The role of hybridization in evolution

Molecular Ecology - Tập 10 Số 3 - Trang 551-568 - 2001
Nick Barton1
1Institute of Cell, Animal and Population Biology, University of Edinburgh, King's Buildings, Edinburgh EH9 3JT, UK

Tóm tắt

Abstract

Hybridization may influence evolution in a variety of ways. If hybrids are less fit, the geographical range of ecologically divergent populations may be limited, and prezygotic reproductive isolation may be reinforced. If some hybrid genotypes are fitter than one or both parents, at least in some environments, then hybridization could make a positive contribution. Single alleles that are at an advantage in the alternative environment and genetic background will introgress readily, although such introgression may be hard to detect. ‘Hybrid speciation’, in which fit combinations of alleles are established, is more problematic; its likelihood depends on how divergent populations meet, and on the structure of epistasis.
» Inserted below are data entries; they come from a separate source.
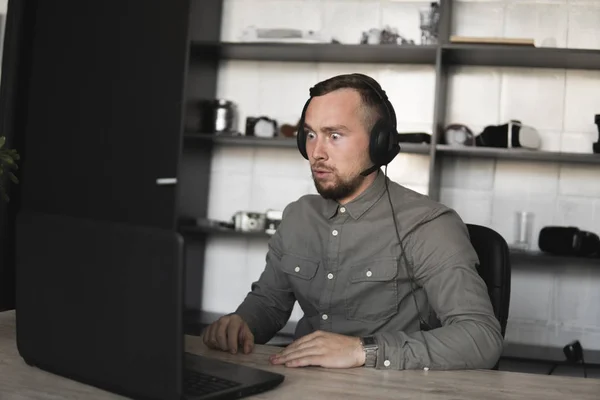 Μπερδεμένος ή θυμωμένος επιχειρηματίας ή μαθητής σε ένα πουκάμισο που κάθεται ενάντια στην οθόνη του υπολογιστή στα ακουστικά και μιλώντας με κάποιον μέσω Διαδικτύου. Εργασία σε έναν υπολογιστή σε ένα τραπέζι στο γραφείο. — Φωτογραφία Αρχείου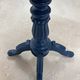 Wooden gueridon with a violin-shaped top in Rio rosewood, central base resting on four legs, reinterpreted in Baltic blue.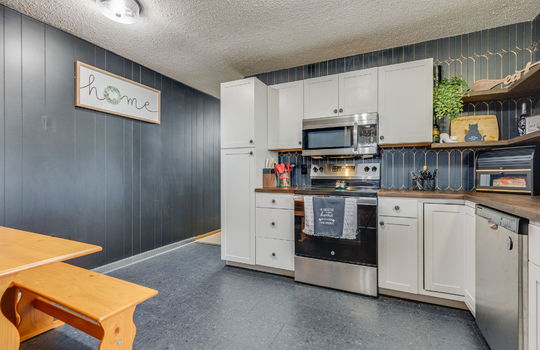 kitchen, tile backsplash, cabinets, butcher block countertops, stainless appliances, microwave, oven, dishwasher, open shelving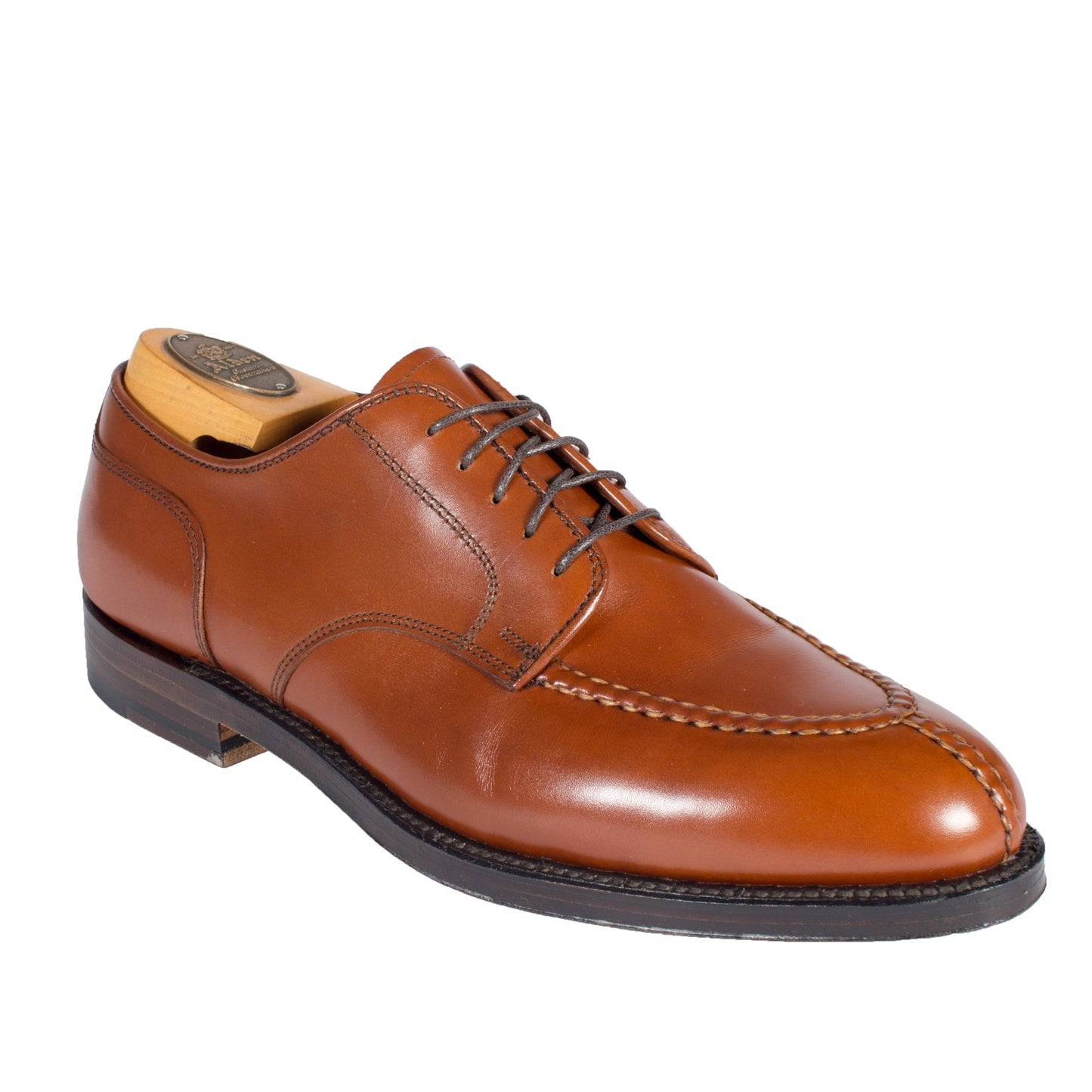 The Alden Madison 962 is a brown leather dress shoe featuring a polished burnished tan calf, moc toe design, and intricate stitching. It has black soles on an Aberdeen Last and is displayed with a shoe tree on a white background.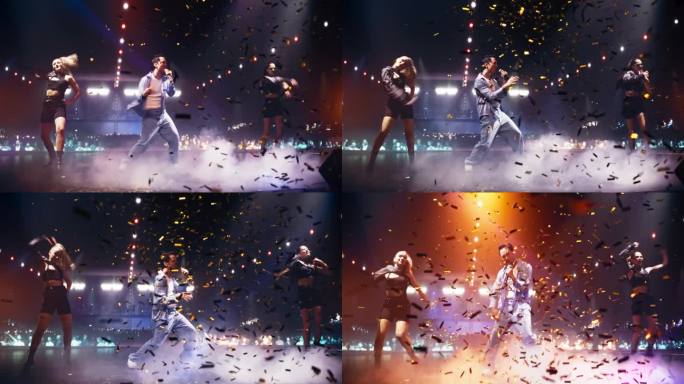 穿着休闲服装的充满活力的流行艺术家与两名穿着另类服装的年轻女舞者在舞台上表演。激动的观众被充满活力的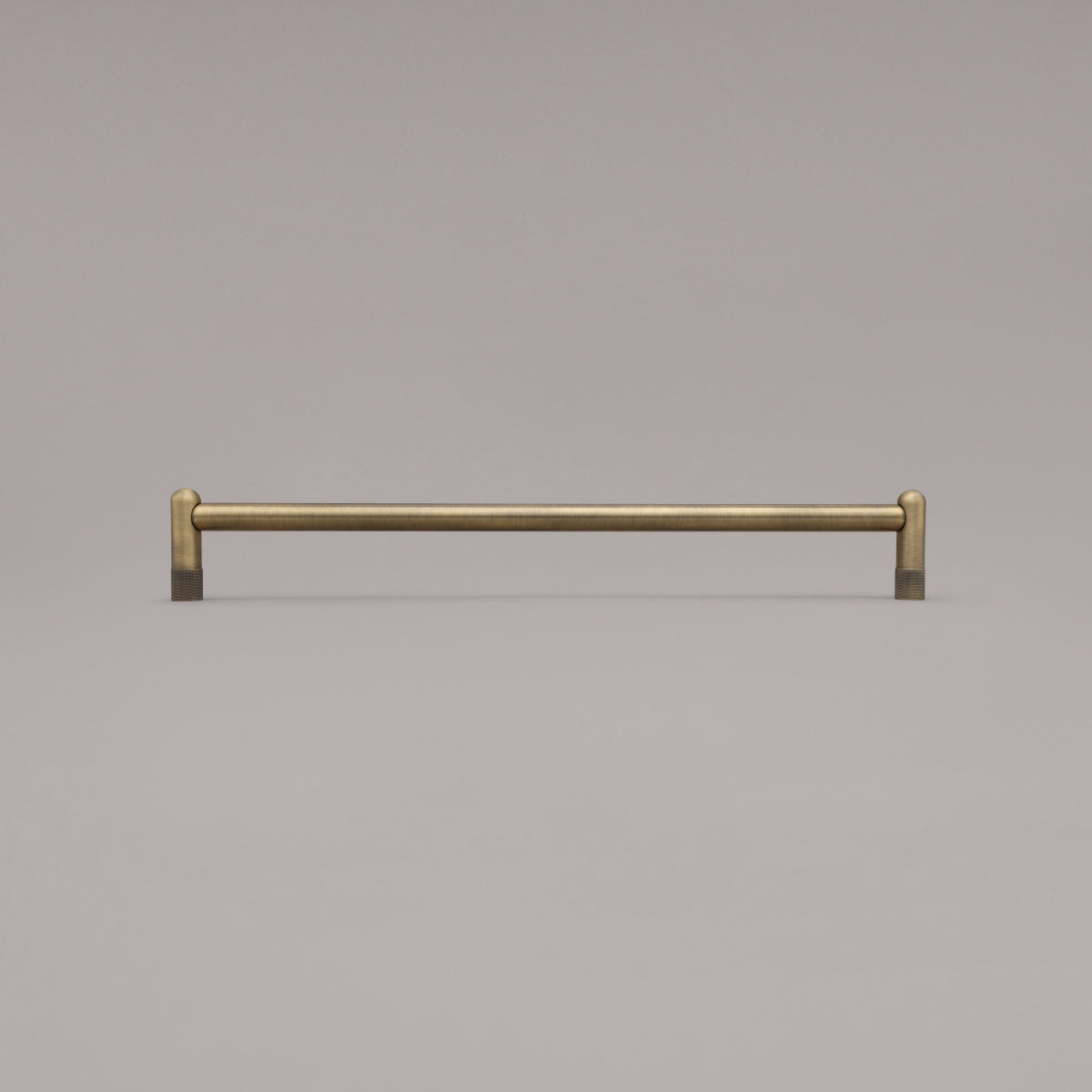 18" knurled appliance pull in aged brass standing on gray background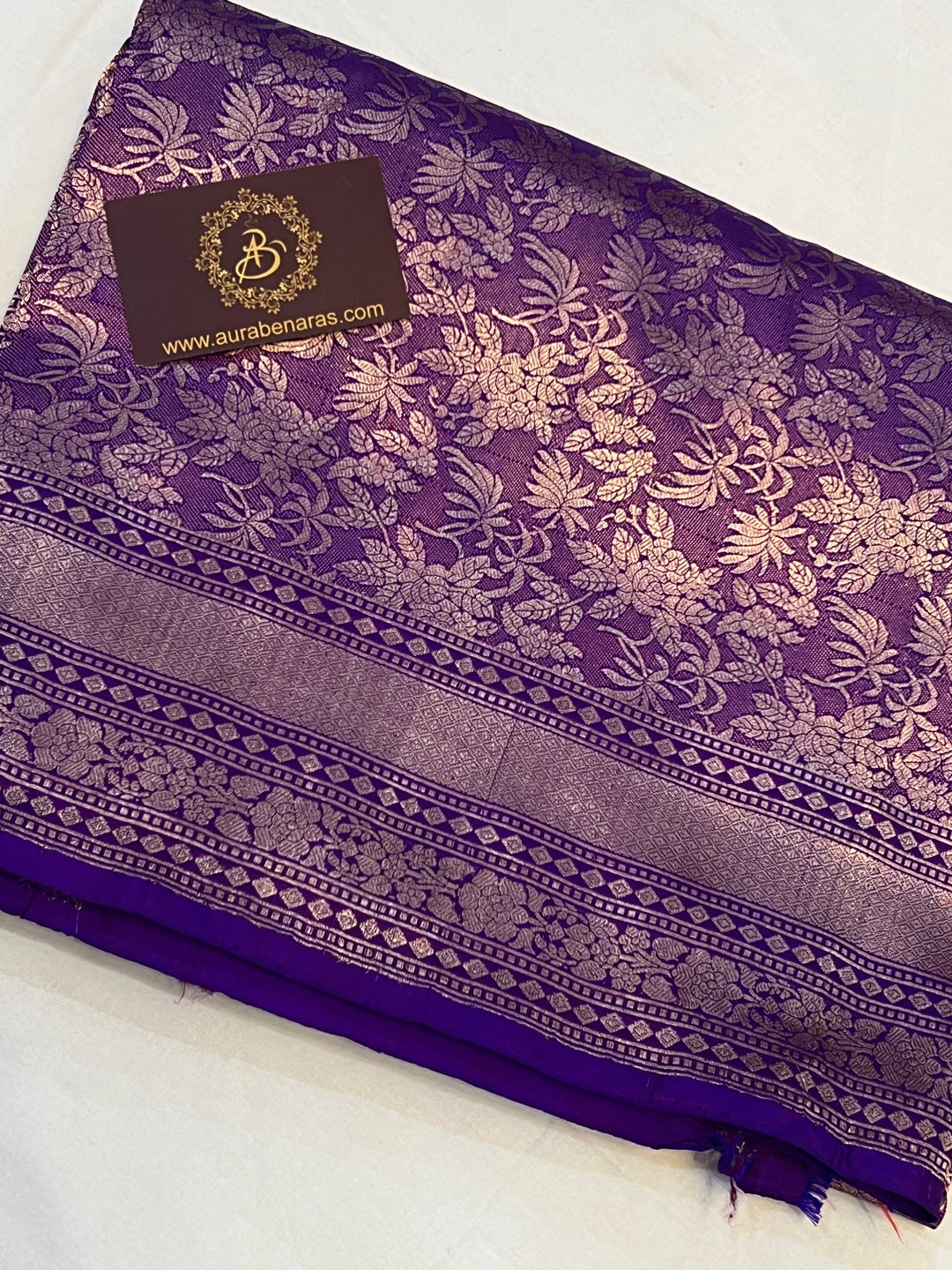 Folded view of pure Katan silk handloom Banarasi saree showcasing allover floral brocade design and rich pallu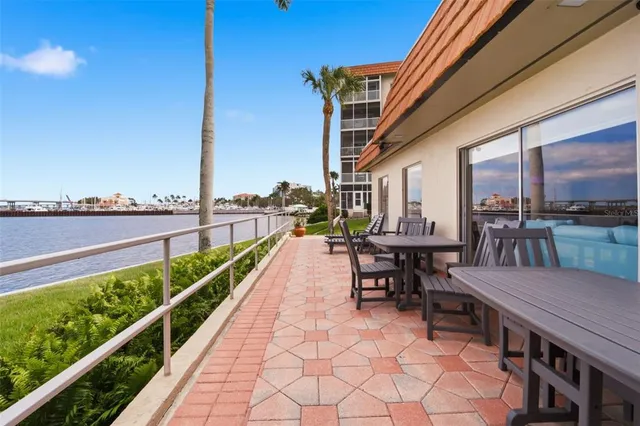 a view of a balcony with chairs potted plants with wooden floor and fence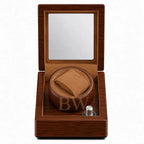 Wooden watch winder box with no watch inside on a white background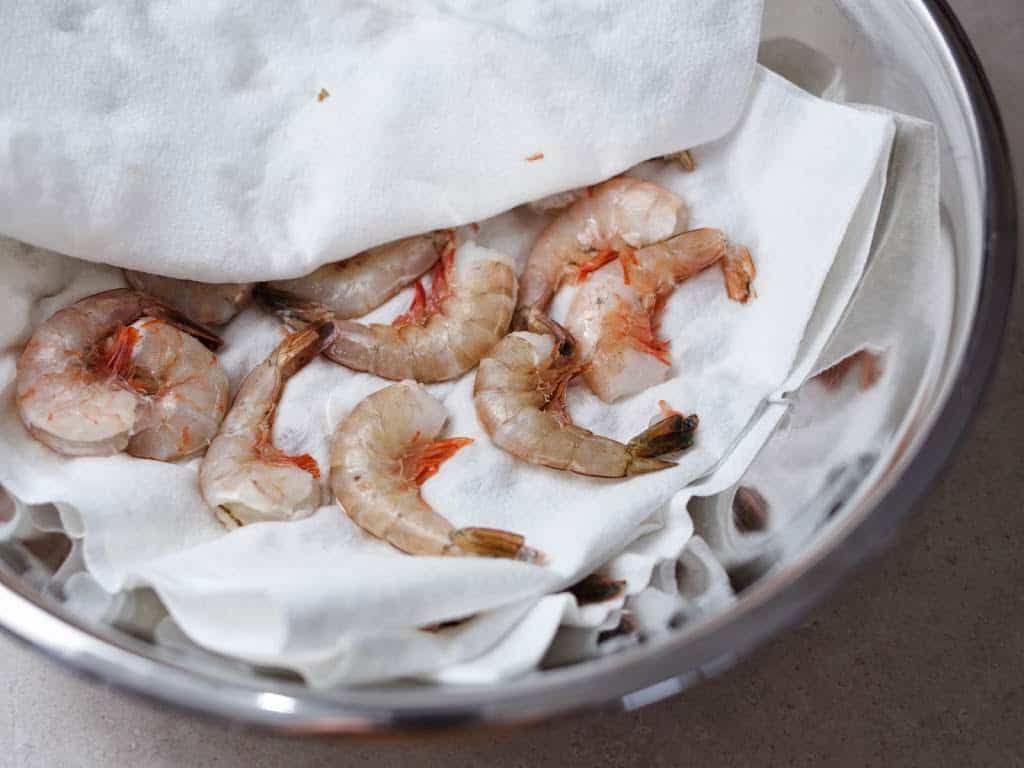 A bowl of raw shrimp between two paper towels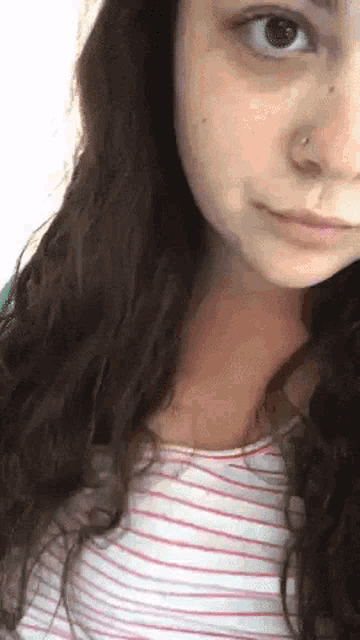 a close up of a woman 's face with a nose ring and a striped shirt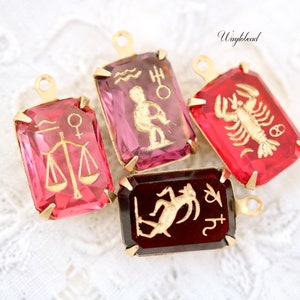 May include: Four gold-tone charms featuring zodiac signs. The charms are rectangular with a clear glass centre. The signs are Libra, Aquarius, Cancer, and Capricorn. The charms are pink, red, and burgundy.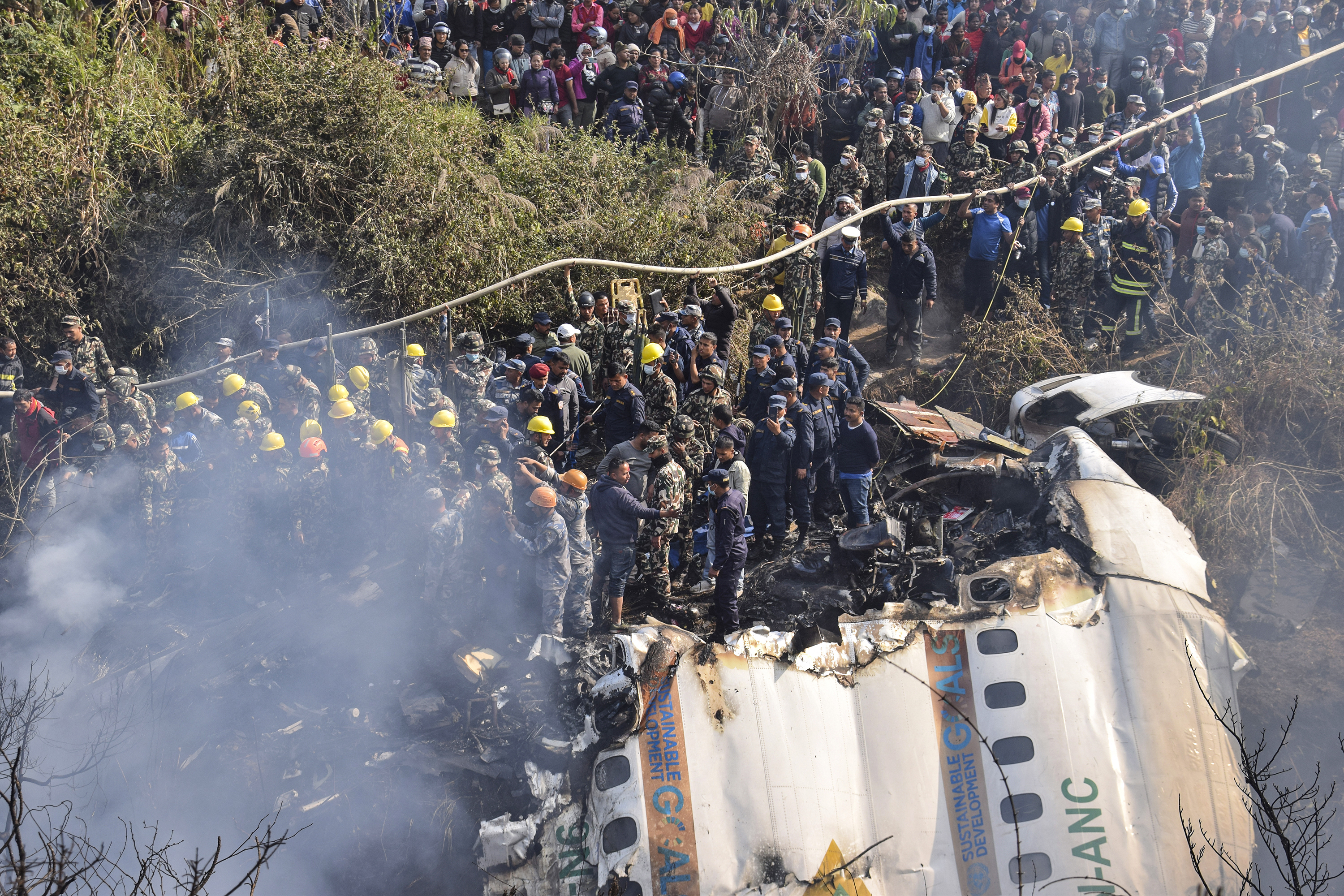 Nepalese rescue workers and civilians gather around the wreckage of a passenger plane that crashed in Pokhara, Nepal
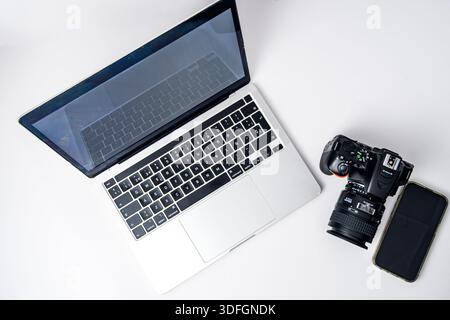 Top view flat lay with laptop, DSLR camera and smartphone on white background. Clean minimal mockup with copy space for technology, photography and re Stock Photo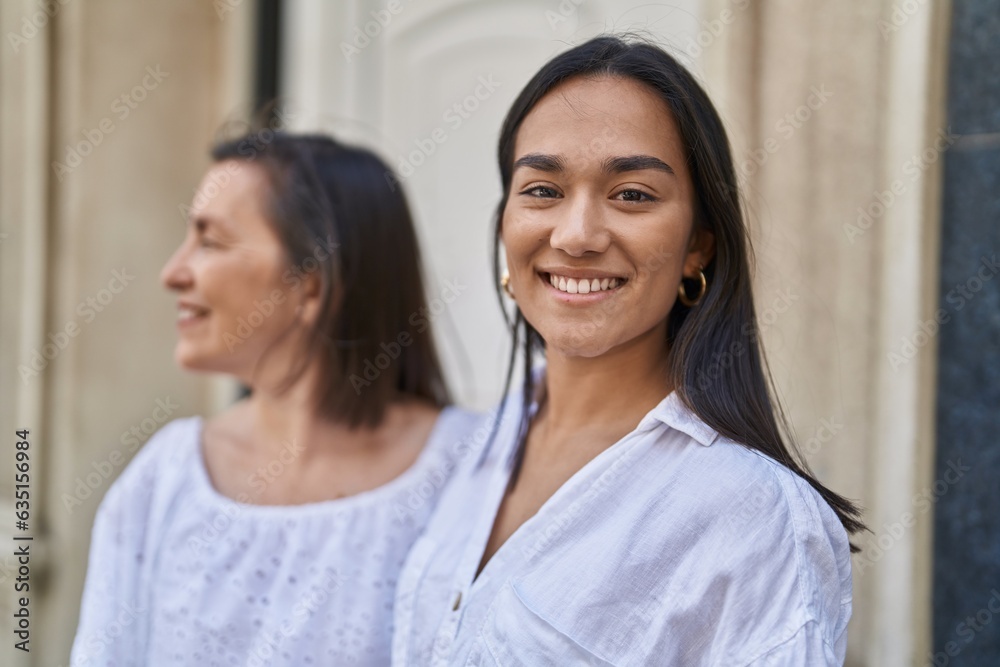 Two women mother and daughter smiling confident standing together at street Two women mother and daughter smiling confident standing together at street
These issues are illustrated using Fisher’s model of stabilizing selection on multiple traits, under which reproductive isolation evolves as a side‐effect of adaptation in allopatry. This confirms a priori arguments that while recombinant hybrids are less fit on average, some gene combinations may be fitter than the parents, even in the parental environment. Fisher’s model does predict heterosis in diploid F1s, asymmetric incompatibility in reciprocal backcrosses, and (when dominance is included) Haldane’s Rule. However, heterosis arises only when traits are additive, whereas the latter two patterns require dominance. Moreover, because adaptation isviasubstitutions of small effect, Fisher’s model does not generate the strong effects of single chromosome regions often observed in species crosses.